Bien que juridiquement différents, les deux systèmes reposent sur le même principe : la nécessité d'indemniser la personne lésée, indépendamment de toute notion de faute, de négligence ou de responsabilité. En effet, au Danemark, les victimes peuvent être indemnisées des dommages causés par des médicaments si elles parviennent à établir que le dommage a été causé " selon toute vraisemblance " par le médicament incriminé. En Suède, le critère retenu est celui de la " probabilité prépondérante ".

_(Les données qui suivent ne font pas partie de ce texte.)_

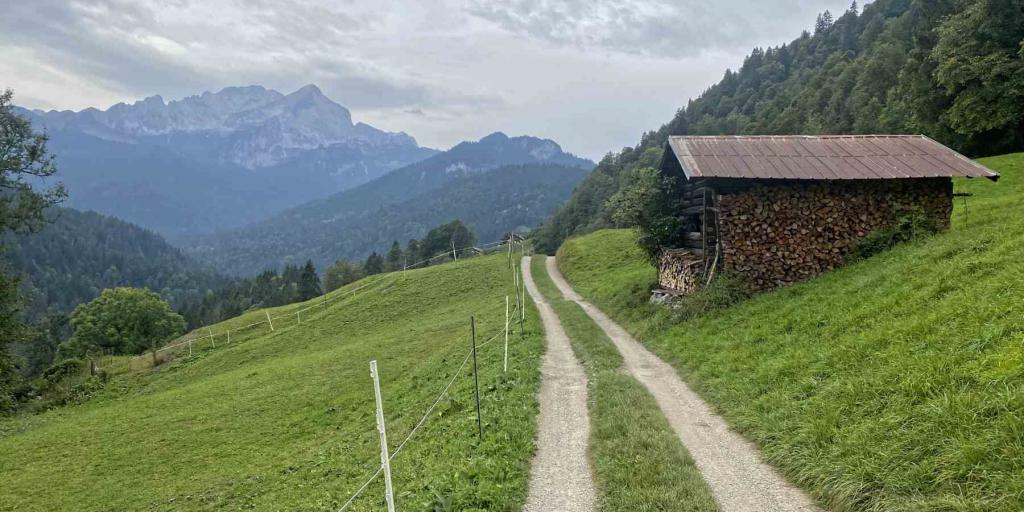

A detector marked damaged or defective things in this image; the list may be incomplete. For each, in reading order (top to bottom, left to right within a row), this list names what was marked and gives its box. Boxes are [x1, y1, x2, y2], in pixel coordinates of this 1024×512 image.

rusty metal roof [664, 135, 1000, 181]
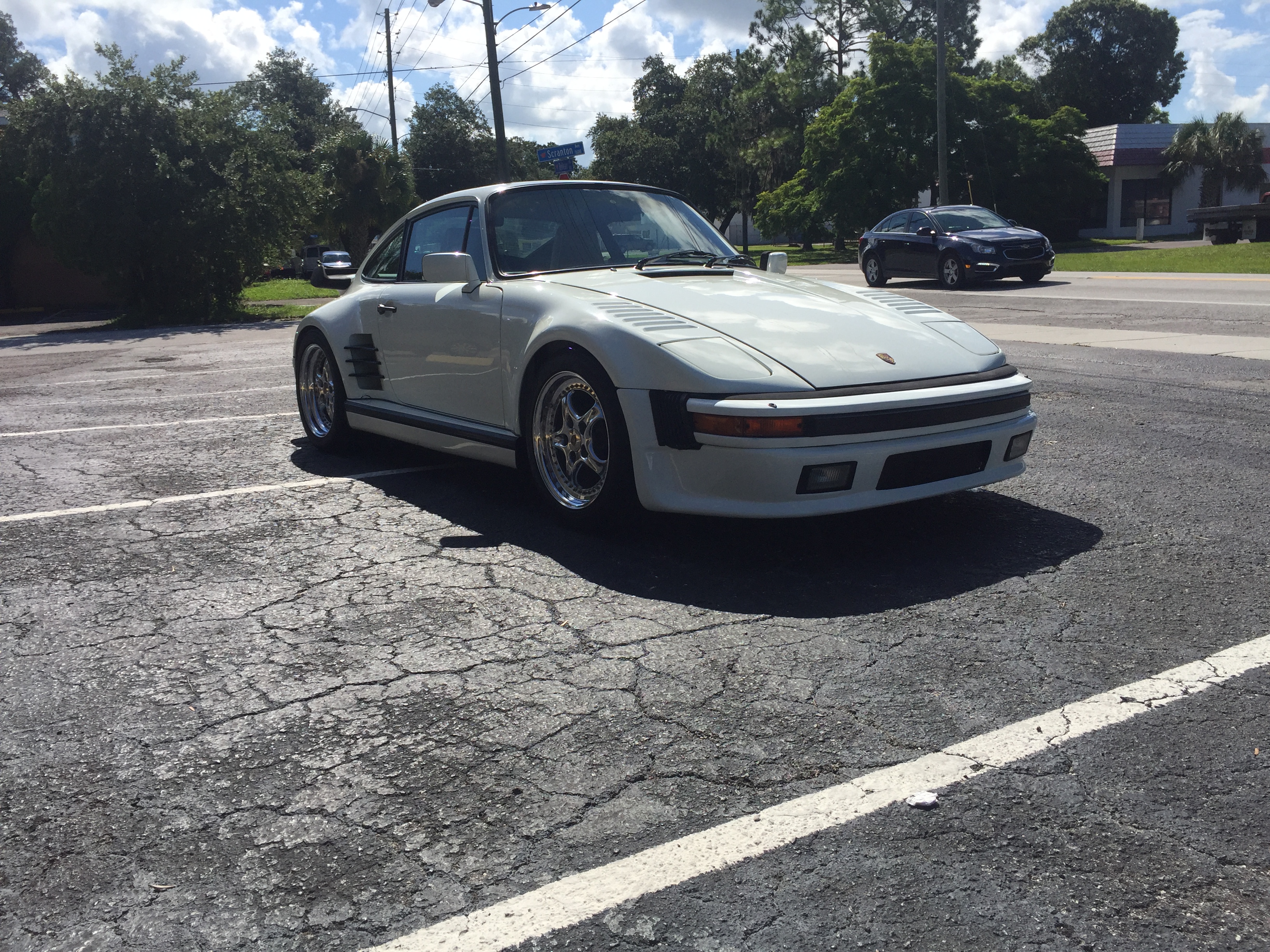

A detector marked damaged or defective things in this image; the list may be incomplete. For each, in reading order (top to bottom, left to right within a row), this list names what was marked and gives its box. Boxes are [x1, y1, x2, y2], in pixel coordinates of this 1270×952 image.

cracked asphalt pavement [0, 290, 1265, 952]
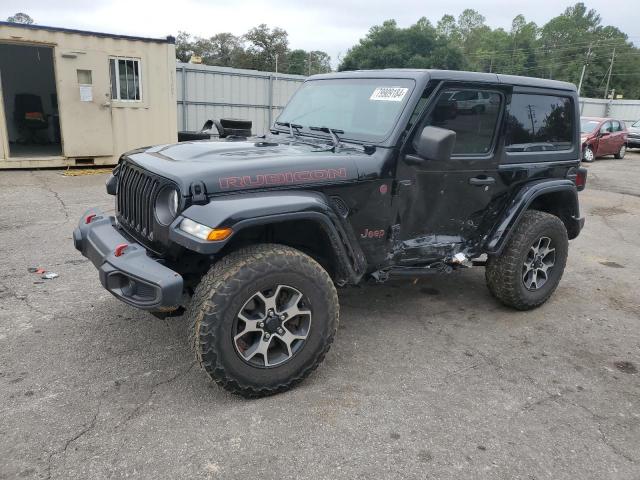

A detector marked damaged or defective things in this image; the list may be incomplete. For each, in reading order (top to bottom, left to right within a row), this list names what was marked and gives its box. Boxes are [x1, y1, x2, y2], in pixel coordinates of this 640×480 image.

cracked asphalt [0, 154, 636, 480]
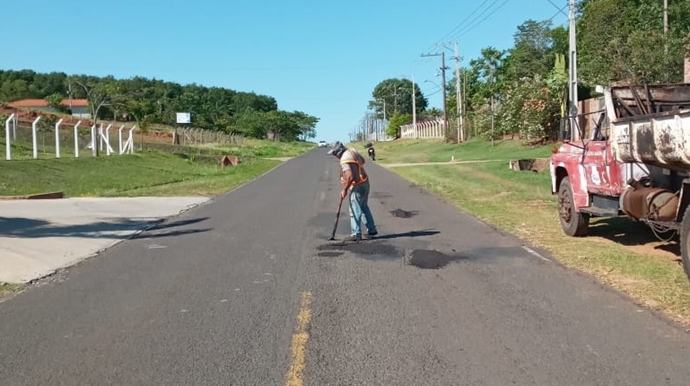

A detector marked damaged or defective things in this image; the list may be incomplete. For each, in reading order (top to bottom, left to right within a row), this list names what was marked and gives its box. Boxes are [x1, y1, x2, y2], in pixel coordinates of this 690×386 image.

asphalt patch [408, 250, 462, 268]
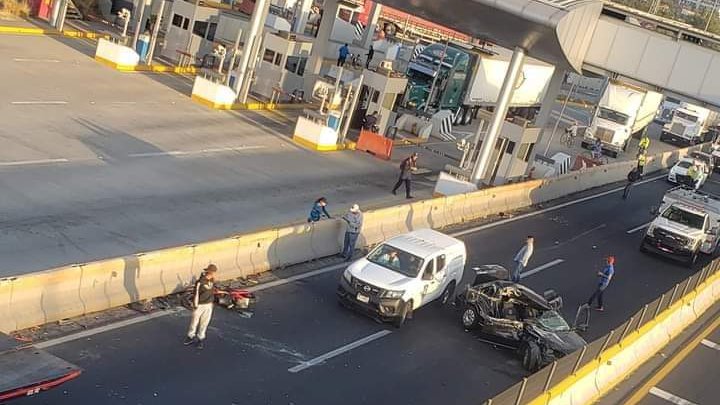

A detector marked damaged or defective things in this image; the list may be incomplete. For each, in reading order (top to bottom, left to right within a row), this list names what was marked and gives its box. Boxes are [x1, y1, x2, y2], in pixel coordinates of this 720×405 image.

overturned car [458, 264, 588, 370]
damaged car [458, 264, 588, 370]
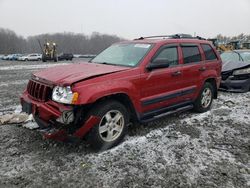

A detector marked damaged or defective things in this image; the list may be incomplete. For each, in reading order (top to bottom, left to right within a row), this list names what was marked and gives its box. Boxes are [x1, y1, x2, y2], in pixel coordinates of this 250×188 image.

broken headlight [52, 86, 79, 104]
damaged hood [33, 62, 130, 85]
front bumper damage [221, 75, 250, 92]
front bumper damage [20, 90, 100, 141]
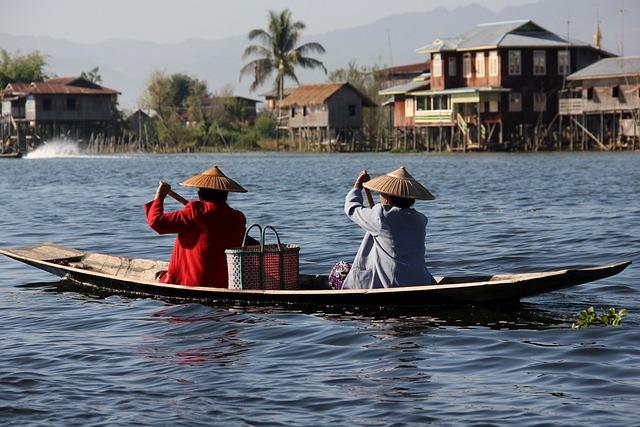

La loi danoise est trop récente pour permettre une analyse de la jurisprudence. En revanche, dans le cas de la Suède, il est clair que le lien de causalité est largement accepté lorsque l'on constate une relation chronologique entre la prise du médicament et l'apparition du dommage.

3) Au début de l'année 1996, le Congrès américain a adopté une proposition de loi limitant la responsabilité du fait des produits défectueux, auquel le président CLINTON a opposé son veto.

Actuellement, la responsabilité du fait des produits, et donc des médicaments, relève essentiellement de la jurisprudence, même si certains Etats ont adopté des législations tendant à limiter la responsabilité des producteurs et des distributeurs.

D'abord fondée sur l'existence d'un défaut, cette responsabilité s'est parfois transformée en responsabilité absolue, certains tribunaux ayant admis la responsabilité de fabricants sans que le caractère défectueux de leurs produits ait été prouvé. Devant cette évolution conduisant à l'accroissement démesuré des primes d'assurance, le Congrès a adopté récemment une proposition tendant à limiter la responsabilité du fait des produits.

Le 2 mai, le président CLINTON a opposé son veto à ce texte, tout en admettant la nécessité d'une législation fédérale sur ce sujet.